## [What you need to do]
Starting at the line with "Photos of 2026" and stopping at the final line, retype the data below exactly; do not carry over any pictures.

## [Data]
##########

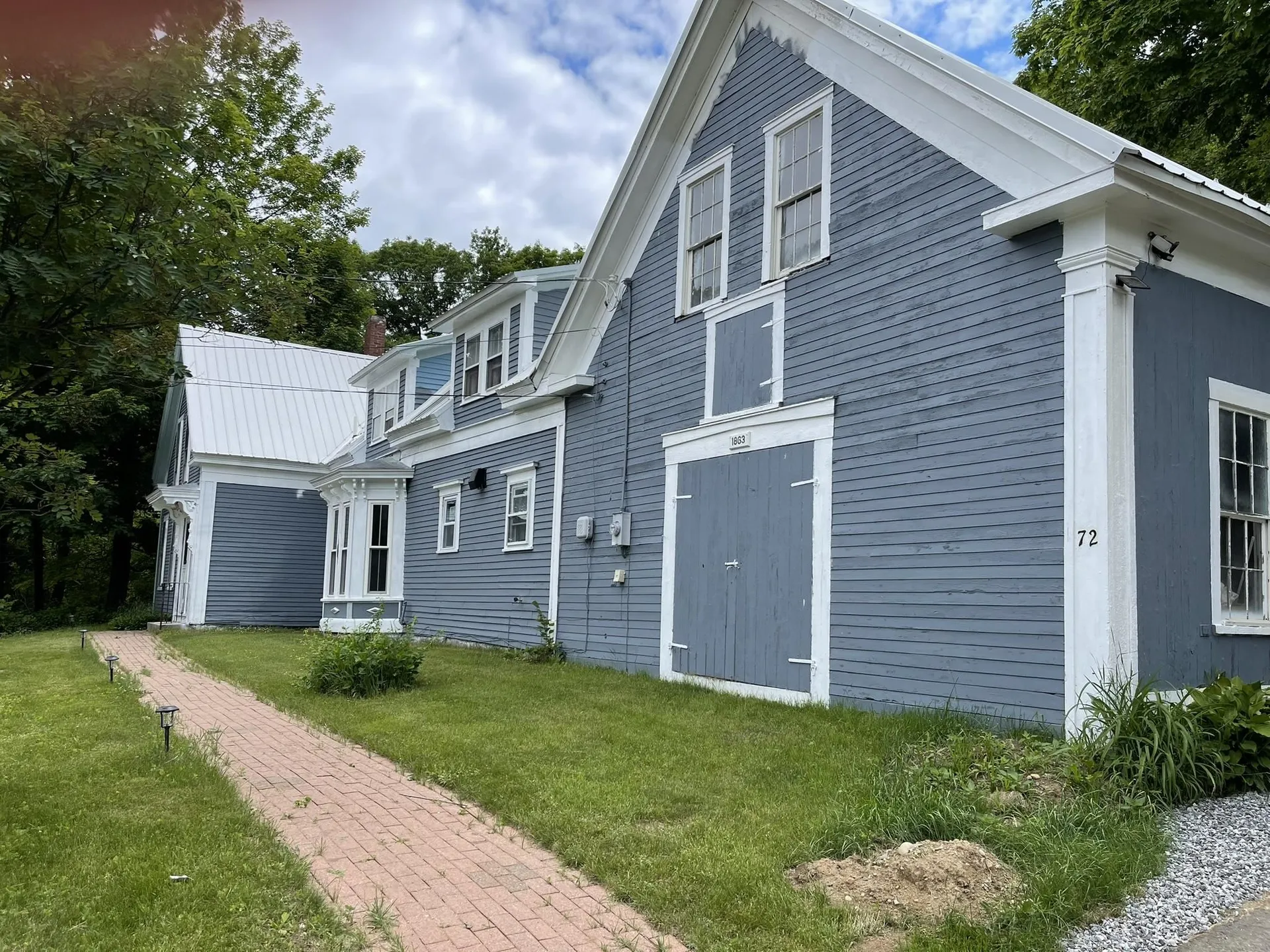 72 Thompson Street Ashland NH 03217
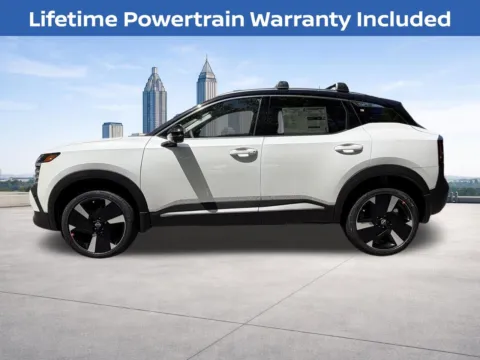Photos of 2026 Nissan Kicks SR for sale in Marietta, GA at Nissan of Marietta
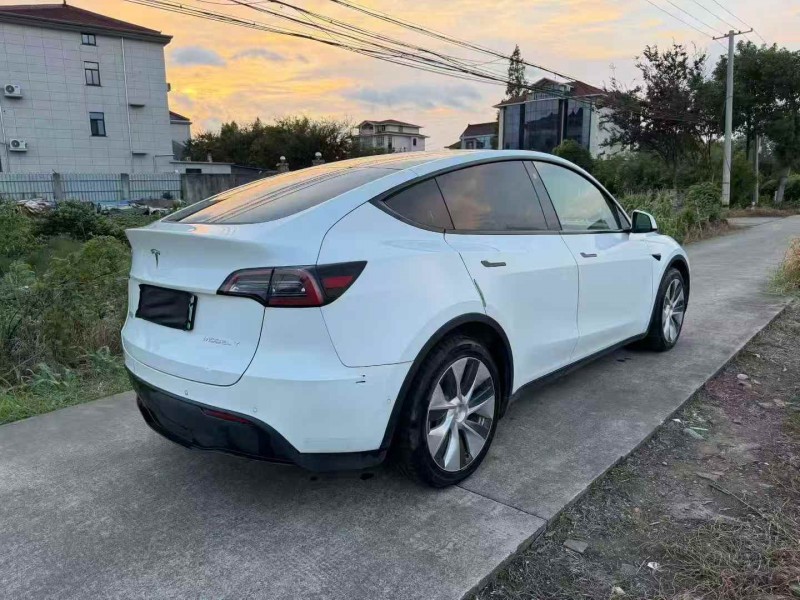 金华21年特斯拉MODEL Y5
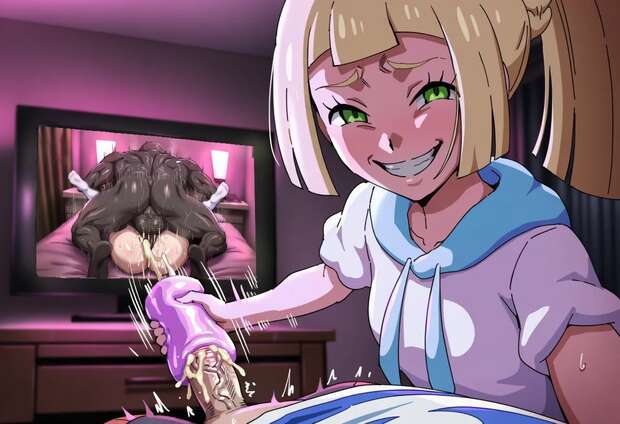 Sun's Pokémon Defloration vs Raku Ichijou's Nisekoi Harem - pic 1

##########

## [Solution to the exercise]
Photos of 2026 Nissan Kicks SR for sale in Marietta, GA at Nissan of Marietta
 金华21年特斯拉MODEL Y5
 Sun's Pokémon Defloration vs Raku Ichijou's Nisekoi Harem - pic 1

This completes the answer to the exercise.